*HOW TO COMPLETE THIS TASK*: Please retype the data below line for line and leave out every picture.

*ENTRIES SUPPLIED*:
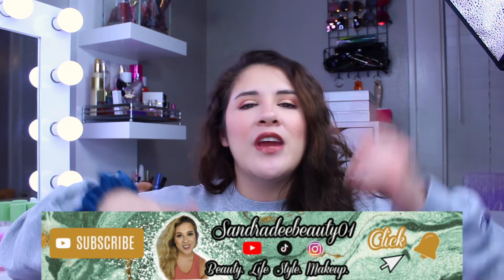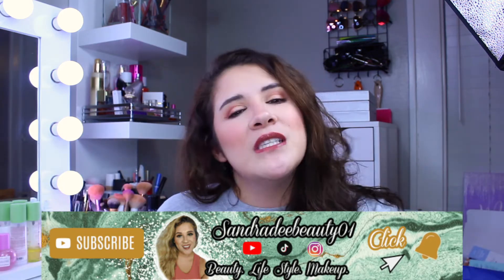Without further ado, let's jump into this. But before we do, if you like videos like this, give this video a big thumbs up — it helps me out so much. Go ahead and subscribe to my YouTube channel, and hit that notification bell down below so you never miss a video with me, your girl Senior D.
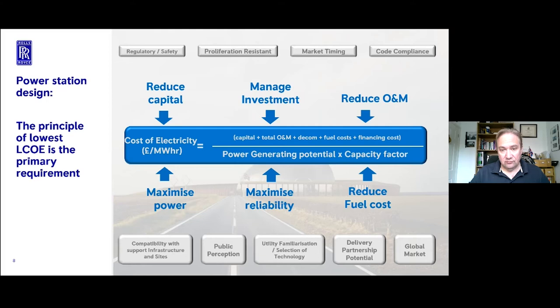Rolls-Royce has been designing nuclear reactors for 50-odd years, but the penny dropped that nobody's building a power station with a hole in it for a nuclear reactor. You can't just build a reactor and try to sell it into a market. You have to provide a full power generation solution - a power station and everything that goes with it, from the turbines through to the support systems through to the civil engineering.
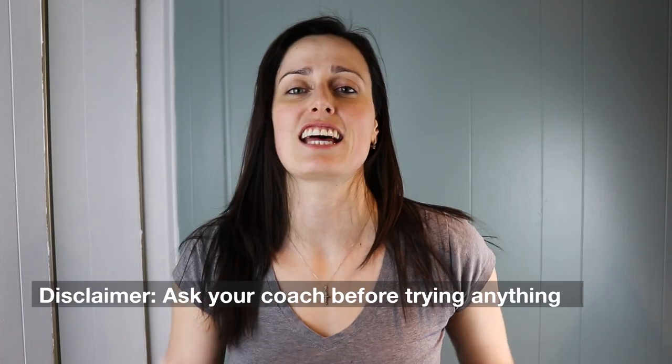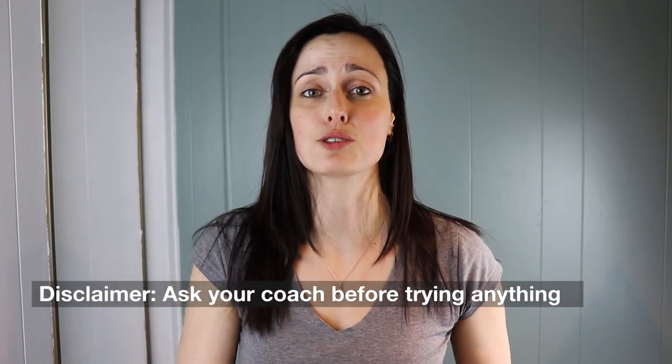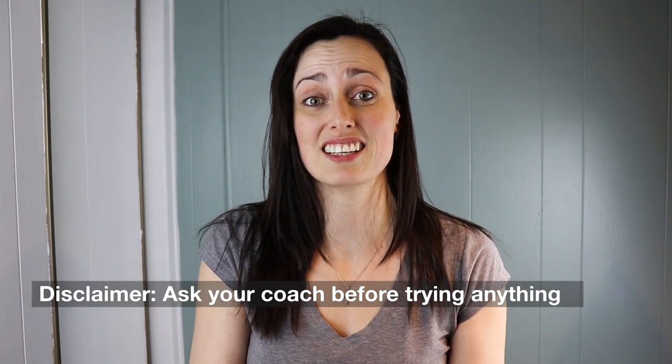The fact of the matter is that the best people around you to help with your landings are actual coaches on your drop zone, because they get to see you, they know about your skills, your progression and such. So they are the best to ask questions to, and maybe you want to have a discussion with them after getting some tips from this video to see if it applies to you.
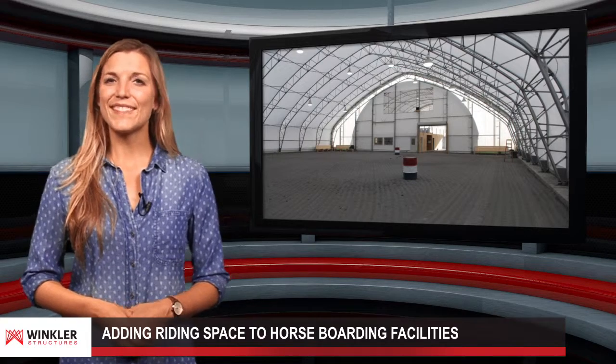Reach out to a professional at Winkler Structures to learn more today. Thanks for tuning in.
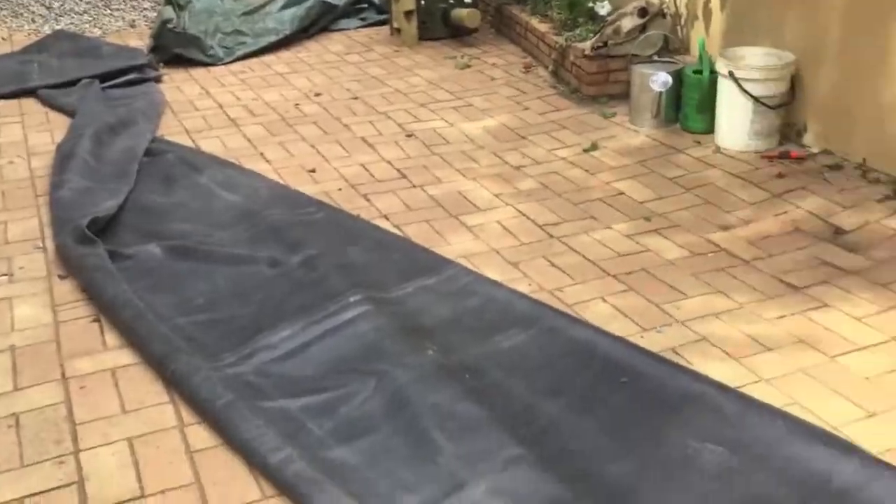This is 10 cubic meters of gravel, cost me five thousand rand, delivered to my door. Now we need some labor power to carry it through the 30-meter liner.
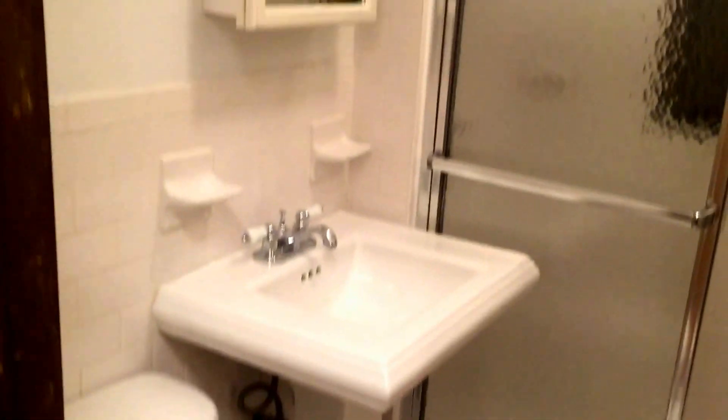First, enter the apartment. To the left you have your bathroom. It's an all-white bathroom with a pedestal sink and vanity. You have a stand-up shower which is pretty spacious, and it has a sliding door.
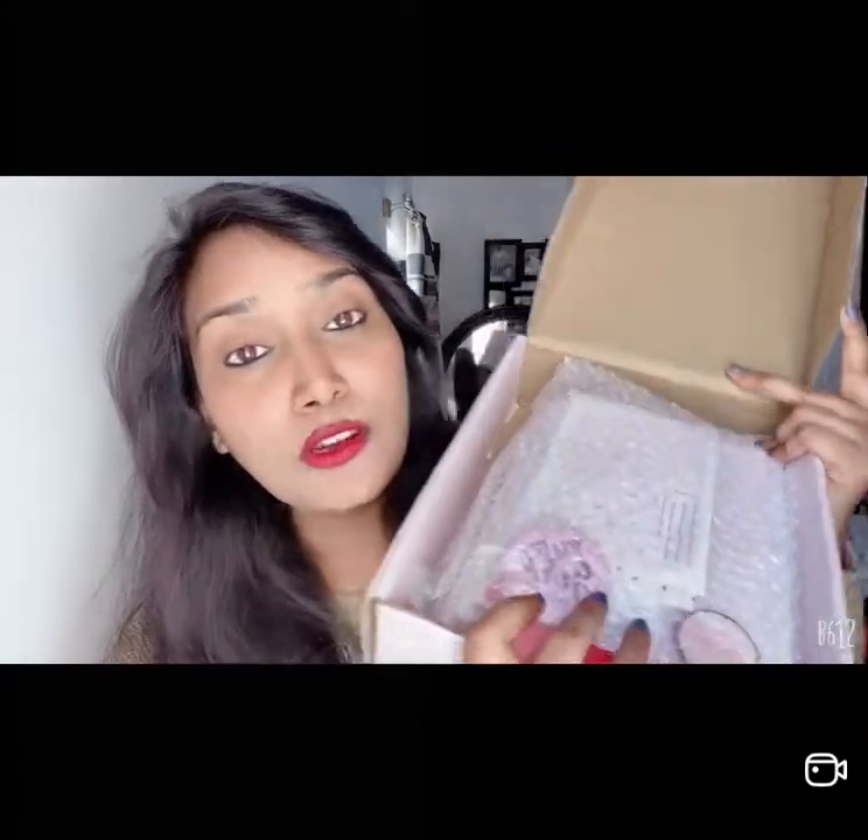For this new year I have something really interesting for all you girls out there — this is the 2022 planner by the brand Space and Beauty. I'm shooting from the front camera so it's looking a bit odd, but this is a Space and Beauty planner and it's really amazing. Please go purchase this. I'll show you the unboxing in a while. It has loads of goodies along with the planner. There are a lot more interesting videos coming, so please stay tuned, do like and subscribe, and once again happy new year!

*RESPONSE*:
Without further ado, let's jump into this. But before we do, if you like videos like this, give this video a big thumbs up — it helps me out so much. Go ahead and subscribe to my YouTube channel, and hit that notification bell down below so you never miss a video with me, your girl Senior D.
Rolls-Royce has been designing nuclear reactors for 50-odd years, but the penny dropped that nobody's building a power station with a hole in it for a nuclear reactor. You can't just build a reactor and try to sell it into a market. You have to provide a full power generation solution - a power station and everything that goes with it, from the turbines through to the support systems through to the civil engineering.
The fact of the matter is that the best people around you to help with your landings are actual coaches on your drop zone, because they get to see you, they know about your skills, your progression and such. So they are the best to ask questions to, and maybe you want to have a discussion with them after getting some tips from this video to see if it applies to you.
Reach out to a professional at Winkler Structures to learn more today. Thanks for tuning in.
This is 10 cubic meters of gravel, cost me five thousand rand, delivered to my door. Now we need some labor power to carry it through the 30-meter liner.
First, enter the apartment. To the left you have your bathroom. It's an all-white bathroom with a pedestal sink and vanity. You have a stand-up shower which is pretty spacious, and it has a sliding door.
For this new year I have something really interesting for all you girls out there — this is the 2022 planner by the brand Space and Beauty. I'm shooting from the front camera so it's looking a bit odd, but this is a Space and Beauty planner and it's really amazing. Please go purchase this. I'll show you the unboxing in a while. It has loads of goodies along with the planner. There are a lot more interesting videos coming, so please stay tuned, do like and subscribe, and once again happy new year!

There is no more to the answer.